**Aim of the exercise**
Your job is to set down the stretch of entries that opens with the line containing "Moradia T4 para" and closes with the line containing "French Recycled Hemp Garden Clogs in Sepia". Keep both end lines, copy each exactly, and add nothing.

Data extracted from a collection:

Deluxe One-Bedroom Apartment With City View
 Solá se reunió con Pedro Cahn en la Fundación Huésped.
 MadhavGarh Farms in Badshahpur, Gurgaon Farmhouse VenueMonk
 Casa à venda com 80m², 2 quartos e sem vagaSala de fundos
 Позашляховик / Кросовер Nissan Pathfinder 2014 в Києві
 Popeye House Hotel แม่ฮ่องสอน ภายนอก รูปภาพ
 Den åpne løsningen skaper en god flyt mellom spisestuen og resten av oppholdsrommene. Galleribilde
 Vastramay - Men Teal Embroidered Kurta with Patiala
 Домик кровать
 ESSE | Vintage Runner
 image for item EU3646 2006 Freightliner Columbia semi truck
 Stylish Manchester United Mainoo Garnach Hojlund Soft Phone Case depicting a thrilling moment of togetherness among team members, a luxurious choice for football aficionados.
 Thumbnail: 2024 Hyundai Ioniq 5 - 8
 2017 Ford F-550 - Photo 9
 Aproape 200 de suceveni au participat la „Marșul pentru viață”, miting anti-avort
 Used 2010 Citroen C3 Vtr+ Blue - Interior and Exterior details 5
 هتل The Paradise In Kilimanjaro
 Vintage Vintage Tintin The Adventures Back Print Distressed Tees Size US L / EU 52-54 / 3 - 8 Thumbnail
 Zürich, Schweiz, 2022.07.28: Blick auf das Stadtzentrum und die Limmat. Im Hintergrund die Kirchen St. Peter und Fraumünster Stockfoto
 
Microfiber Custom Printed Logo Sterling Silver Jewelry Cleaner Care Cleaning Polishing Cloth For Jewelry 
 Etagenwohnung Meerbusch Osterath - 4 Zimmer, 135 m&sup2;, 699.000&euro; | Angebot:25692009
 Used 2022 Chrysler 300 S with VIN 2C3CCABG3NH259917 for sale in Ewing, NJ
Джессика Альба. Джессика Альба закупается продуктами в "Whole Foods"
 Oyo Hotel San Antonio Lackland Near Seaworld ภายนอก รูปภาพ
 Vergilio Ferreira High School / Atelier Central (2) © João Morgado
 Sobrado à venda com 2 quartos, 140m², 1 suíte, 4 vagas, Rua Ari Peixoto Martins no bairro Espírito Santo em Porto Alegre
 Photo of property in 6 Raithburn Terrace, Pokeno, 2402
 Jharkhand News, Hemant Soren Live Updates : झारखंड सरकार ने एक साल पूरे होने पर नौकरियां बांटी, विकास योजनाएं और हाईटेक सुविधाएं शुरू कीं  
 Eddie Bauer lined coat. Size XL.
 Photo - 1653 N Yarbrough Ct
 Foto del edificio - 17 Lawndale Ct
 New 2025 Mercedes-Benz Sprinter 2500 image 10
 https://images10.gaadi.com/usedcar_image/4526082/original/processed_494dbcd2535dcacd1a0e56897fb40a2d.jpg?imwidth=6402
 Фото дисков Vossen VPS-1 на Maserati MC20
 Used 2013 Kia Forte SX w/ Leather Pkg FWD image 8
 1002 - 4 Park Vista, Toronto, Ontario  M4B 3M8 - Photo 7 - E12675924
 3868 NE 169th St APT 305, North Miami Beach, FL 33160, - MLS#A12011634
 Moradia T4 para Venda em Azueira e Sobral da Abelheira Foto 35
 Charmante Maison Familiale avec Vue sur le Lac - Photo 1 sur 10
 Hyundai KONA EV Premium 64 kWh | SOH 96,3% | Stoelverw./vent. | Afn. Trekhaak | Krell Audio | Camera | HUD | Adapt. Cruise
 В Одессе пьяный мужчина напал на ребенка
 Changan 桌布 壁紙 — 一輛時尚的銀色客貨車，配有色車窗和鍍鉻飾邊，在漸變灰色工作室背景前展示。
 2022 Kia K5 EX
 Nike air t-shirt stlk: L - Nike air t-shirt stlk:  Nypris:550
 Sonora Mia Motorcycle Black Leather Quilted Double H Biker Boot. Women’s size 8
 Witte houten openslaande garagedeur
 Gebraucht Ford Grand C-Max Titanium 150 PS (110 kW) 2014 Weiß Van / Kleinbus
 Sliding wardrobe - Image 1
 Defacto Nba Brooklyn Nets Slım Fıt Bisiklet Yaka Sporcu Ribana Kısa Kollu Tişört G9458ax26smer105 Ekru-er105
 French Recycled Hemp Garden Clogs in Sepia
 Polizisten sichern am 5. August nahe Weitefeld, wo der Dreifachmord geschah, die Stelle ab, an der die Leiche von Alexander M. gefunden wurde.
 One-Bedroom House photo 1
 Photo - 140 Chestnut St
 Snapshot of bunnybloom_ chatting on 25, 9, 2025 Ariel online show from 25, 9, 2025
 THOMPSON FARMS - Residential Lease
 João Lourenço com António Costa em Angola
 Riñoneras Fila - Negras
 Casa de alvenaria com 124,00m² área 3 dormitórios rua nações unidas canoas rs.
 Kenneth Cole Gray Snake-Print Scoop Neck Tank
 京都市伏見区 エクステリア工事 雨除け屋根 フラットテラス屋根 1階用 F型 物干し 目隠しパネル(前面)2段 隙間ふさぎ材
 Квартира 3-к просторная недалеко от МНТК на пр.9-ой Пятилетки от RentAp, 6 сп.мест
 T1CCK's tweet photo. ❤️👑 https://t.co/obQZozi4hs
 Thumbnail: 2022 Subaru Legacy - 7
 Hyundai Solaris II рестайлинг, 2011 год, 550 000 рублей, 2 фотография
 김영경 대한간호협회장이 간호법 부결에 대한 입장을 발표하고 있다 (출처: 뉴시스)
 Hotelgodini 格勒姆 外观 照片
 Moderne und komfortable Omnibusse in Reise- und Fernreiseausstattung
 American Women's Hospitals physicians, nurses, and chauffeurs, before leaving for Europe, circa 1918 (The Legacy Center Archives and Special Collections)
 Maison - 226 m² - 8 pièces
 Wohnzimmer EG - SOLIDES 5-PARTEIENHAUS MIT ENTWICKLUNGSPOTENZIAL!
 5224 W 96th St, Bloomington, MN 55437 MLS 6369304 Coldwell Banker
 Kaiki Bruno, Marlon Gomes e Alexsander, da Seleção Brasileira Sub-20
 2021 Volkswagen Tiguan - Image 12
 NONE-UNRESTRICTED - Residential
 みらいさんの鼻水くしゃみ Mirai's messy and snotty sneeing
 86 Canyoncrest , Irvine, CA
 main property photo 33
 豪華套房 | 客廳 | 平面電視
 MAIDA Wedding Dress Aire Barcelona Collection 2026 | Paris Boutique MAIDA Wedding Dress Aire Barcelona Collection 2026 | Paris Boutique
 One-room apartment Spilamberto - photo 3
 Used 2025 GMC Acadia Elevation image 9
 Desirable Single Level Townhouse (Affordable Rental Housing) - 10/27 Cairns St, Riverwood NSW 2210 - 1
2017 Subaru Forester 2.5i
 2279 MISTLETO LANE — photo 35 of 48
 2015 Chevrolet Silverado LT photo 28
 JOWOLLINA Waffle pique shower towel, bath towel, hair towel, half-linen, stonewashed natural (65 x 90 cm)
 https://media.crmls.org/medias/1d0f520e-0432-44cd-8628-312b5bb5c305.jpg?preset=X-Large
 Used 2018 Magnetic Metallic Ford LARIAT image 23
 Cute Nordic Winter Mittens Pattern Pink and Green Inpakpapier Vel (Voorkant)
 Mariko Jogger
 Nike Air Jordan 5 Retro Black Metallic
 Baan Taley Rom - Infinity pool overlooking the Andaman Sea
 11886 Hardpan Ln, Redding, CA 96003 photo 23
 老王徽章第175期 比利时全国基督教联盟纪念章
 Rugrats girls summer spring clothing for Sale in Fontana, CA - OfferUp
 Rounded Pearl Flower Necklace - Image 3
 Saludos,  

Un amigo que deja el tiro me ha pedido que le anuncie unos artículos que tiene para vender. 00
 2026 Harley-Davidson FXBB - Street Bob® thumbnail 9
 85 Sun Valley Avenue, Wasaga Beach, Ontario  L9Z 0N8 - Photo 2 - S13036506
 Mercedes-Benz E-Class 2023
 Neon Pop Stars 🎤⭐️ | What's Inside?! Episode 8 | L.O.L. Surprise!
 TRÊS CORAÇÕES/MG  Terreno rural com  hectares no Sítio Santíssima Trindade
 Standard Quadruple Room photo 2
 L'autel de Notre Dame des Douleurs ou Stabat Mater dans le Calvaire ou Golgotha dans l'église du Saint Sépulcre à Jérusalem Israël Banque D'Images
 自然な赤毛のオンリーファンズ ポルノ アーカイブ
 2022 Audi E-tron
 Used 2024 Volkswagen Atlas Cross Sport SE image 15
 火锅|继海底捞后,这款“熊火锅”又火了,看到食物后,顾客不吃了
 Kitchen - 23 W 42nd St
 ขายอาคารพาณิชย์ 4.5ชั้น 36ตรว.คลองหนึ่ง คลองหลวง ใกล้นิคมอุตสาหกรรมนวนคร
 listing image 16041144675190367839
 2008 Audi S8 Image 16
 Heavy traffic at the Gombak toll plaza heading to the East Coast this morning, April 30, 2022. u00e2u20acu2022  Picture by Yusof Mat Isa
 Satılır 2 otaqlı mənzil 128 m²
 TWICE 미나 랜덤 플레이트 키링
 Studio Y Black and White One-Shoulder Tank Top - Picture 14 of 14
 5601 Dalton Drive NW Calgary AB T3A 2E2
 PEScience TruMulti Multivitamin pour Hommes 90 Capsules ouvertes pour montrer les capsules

**Solution below**
 Moradia T4 para Venda em Azueira e Sobral da Abelheira Foto 35
 Charmante Maison Familiale avec Vue sur le Lac - Photo 1 sur 10
 Hyundai KONA EV Premium 64 kWh | SOH 96,3% | Stoelverw./vent. | Afn. Trekhaak | Krell Audio | Camera | HUD | Adapt. Cruise
 В Одессе пьяный мужчина напал на ребенка
 Changan 桌布 壁紙 — 一輛時尚的銀色客貨車，配有色車窗和鍍鉻飾邊，在漸變灰色工作室背景前展示。
 2022 Kia K5 EX
 Nike air t-shirt stlk: L - Nike air t-shirt stlk:  Nypris:550
 Sonora Mia Motorcycle Black Leather Quilted Double H Biker Boot. Women’s size 8
 Witte houten openslaande garagedeur
 Gebraucht Ford Grand C-Max Titanium 150 PS (110 kW) 2014 Weiß Van / Kleinbus
 Sliding wardrobe - Image 1
 Defacto Nba Brooklyn Nets Slım Fıt Bisiklet Yaka Sporcu Ribana Kısa Kollu Tişört G9458ax26smer105 Ekru-er105
 French Recycled Hemp Garden Clogs in Sepia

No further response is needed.